Martin is a Jesuit (by the way, Luther was an Augustinian) and, being a Jesuit, knows all this ecclesiology (how the Church sees Herself and understands Herself) quite well. She is the Bride of Christ; the spotless, immaculate Bride of Christ; the New Jerusalem coming down out of Heaven, as a bride adorned for her husband.

That last line is from St. John's Apocalypse, what Protestants call the "Book of Revelation," a book that Martin Luther scoffed at, saying, "A book of revelation should at least be revealing." James Martin likewise mocks Scripture by calling into question its inerrancy. Where could you possibly find in the Scriptures that Jesus Christ was unsure of Who He was, what His mission was?

Yet Martin pursues a lie, looking through the pages for any stray syllable that can be twisted to his own agenda. Theology is not an end in itself, and when the Church has settled something, it is settled. Theology, at that point, steps in and helps us gain new appreciation for an existing truth. It does not create new truth, but that is what Martin does. Sometimes (most of the time, in fact), it is subtle, planting just enough doubt to lead to error.

Catholic teaching is always an all-or-nothing proposition.

But sometimes, it is straight-up heretical, like the claim that Our Blessed Lord needed the Syrophoenician woman to help Him understand that His mission was for the gentiles as well, not just the Jews. Well, thank God Jesus just happened to stumble into that town at that time, or all of us gentiles would have been pretty much doomed if that woman hadn't pointed that out to the Son of God.

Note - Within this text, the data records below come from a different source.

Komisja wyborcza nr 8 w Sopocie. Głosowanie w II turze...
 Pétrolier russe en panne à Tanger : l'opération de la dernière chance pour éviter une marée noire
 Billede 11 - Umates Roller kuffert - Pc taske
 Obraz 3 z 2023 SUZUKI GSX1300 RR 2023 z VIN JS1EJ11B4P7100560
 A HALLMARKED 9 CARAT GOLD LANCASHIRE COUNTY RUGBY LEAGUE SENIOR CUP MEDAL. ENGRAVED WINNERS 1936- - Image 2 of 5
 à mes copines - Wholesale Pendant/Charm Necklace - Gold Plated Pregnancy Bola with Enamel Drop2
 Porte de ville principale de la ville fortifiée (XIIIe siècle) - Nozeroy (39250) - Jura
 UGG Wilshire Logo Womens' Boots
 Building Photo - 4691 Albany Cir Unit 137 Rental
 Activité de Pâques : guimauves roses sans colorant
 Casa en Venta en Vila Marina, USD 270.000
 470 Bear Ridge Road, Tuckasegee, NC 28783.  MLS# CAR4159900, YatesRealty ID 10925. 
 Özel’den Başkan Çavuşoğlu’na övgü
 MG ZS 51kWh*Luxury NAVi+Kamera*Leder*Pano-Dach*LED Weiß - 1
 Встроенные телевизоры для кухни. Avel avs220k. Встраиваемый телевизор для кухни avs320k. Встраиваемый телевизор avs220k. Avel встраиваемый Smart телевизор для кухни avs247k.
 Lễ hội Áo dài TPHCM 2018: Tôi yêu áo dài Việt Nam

Likewise, thank God that God had the humility to listen to her and change His mind and come to a better understanding of Himself. What an insane, spiritually poisonous exegesis Martin inflicts on the faithful and, more to the point, is allowed to inflict — allowed by the very same cowards in miters who have permitted disaster to be visited upon the Church, in all quarters of the Church, be it heresy or schism.

Each leads away from the Church and the truth of authentic Catholicism. Like Martin Luther, James Martin is one of many pied pipers leading the children of God over the cliff. He just uses heresy as his favorite instrument; others use schism. James Martin needs to be put on trial for heresy.

He needs to explain in full detail, without the use of his diabolical vagueness, precisely not only what he believes about the Church and Her teachings, but also that he absolutely and without any reservation accepts and believes with divine and Catholic faith everything the Church proposes for salvation — and that includes, most especially in his case, that men having sex with men is, at all times and everywhere, evil.

Other priests cannot be laicized or marginalized for much lesser reasons and this Martin not held to account as well. Martin, of the Luther sort, was excommunicated. James Martin, for the good of his soul and all those he currently plunders, must also be excommunicated for his manifest evil and heresy. He must recant and repent, or, as St. Paul says, be cast out and handed over to the Devil.

The bishops had better come to understand, in short order, that they are going to face judgment on these very matters when they die. They don't get to remain silent about this marauder. They have let a wolf into the fold, again with the name of Martin.